-------- Dataset records --------

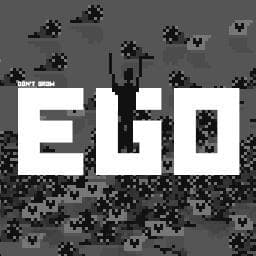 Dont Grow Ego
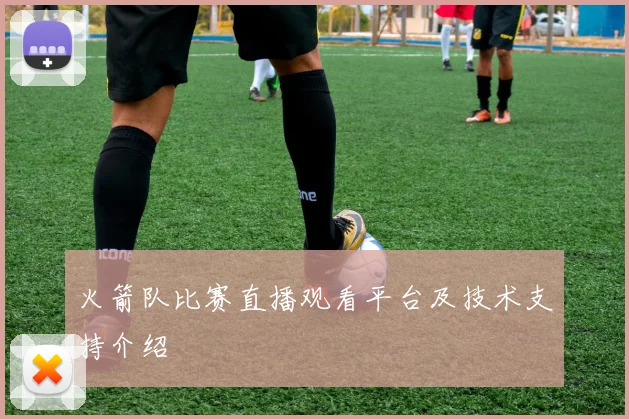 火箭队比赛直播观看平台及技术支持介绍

--------
-------- Dataset records --------

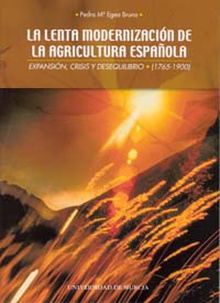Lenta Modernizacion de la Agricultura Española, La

--------
-------- Dataset records --------

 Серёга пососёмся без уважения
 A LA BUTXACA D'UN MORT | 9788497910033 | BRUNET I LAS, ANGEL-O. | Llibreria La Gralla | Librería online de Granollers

--------

■ **About this task**
Where the listing above has a line with "Серёга пососёмся без уважения", start there, and output every line exactly through the line with "A LA BUTXACA", which is also included.

■ **Output for this task**
 Серёга пососёмся без уважения
 A LA BUTXACA D'UN MORT | 9788497910033 | BRUNET I LAS, ANGEL-O. | Llibreria La Gralla | Librería online de Granollers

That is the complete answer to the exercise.